- Súper Cholita, from the first issue of the comic

Publication information
- Publisher: Republica
- First appearance: Súper Cholita #1 (May 2007)
- Created by: Rolando Valdez Santos Callisaya

In-story information
- Alter ego: Francisca Pizzaro Mamani
- Abilities: Flight, strength, toughness, wrestling skills

= Super Cholita =

Bolivian comic book

Súper Cholita is a Bolivian comic book character created by Rolando Valdez and Santos Callisaya in 2007. She is the eponymous heroine of a popular comic inspired by local female wrestlers and Japanese comics, "perhaps ... the best-selling title in the history of Bolivian comics." Her humorous, ironic adventures are written by Valdez and illustrated by Callisaya and Gladys Castro Mamani.

==Character portrayal==
Súper Cholita is portrayed as "a folksy incarnation of a female superhero rooted in a combination of Japanese aesthetics, Mexican cultural tradition, and Bolivian politics." Her super powers, including that of flight, emanate from the sacred temple of Tiwanaku, and she is costumed in the heavy blanket skirts of the Altiplano. In her civilian identity, she is the Aymara woman Francisca Pizzaro Mamani, daughter of a cholita and a nameless pepino (a traditional carnival clown often deemed responsible for fatherless children), and granddaughter of a mythical highland frog. Her love interest is a policeman.

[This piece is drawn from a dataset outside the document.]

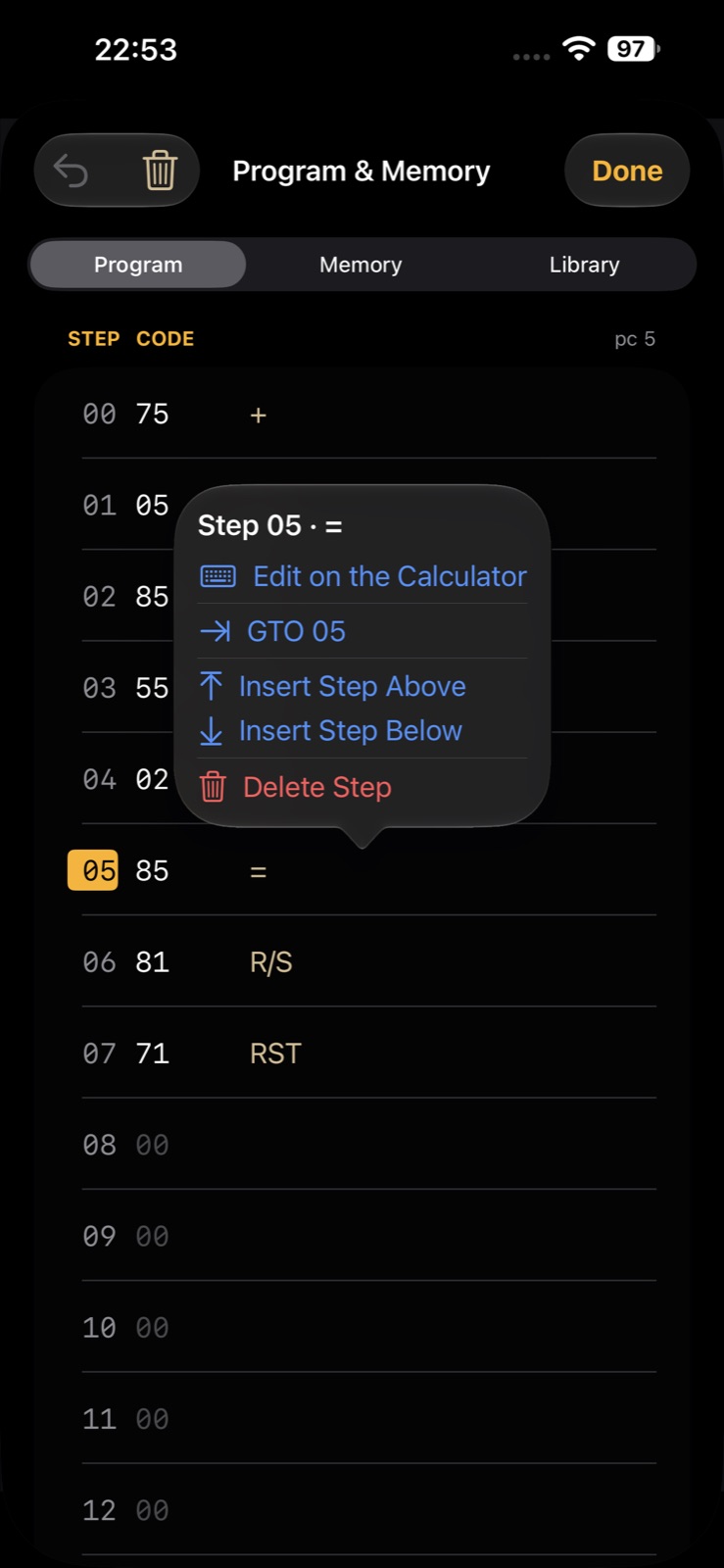 MY57 program editor on iOS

While Súper Cholita uses her powers to help the poor, her behavior is not always as exemplary as that of most superheroes. She has been shown as a boastful, strident complainer, inclined to stuff herself with rellenos de papa, who is not above pilfering from a female potato vendor or bribing a policeman to avoid arrest. She possesses strong views, detesting imperialism and corrupt politicos, criticizing looters, and standing against the autonomy movements threatening Bolivia's unity.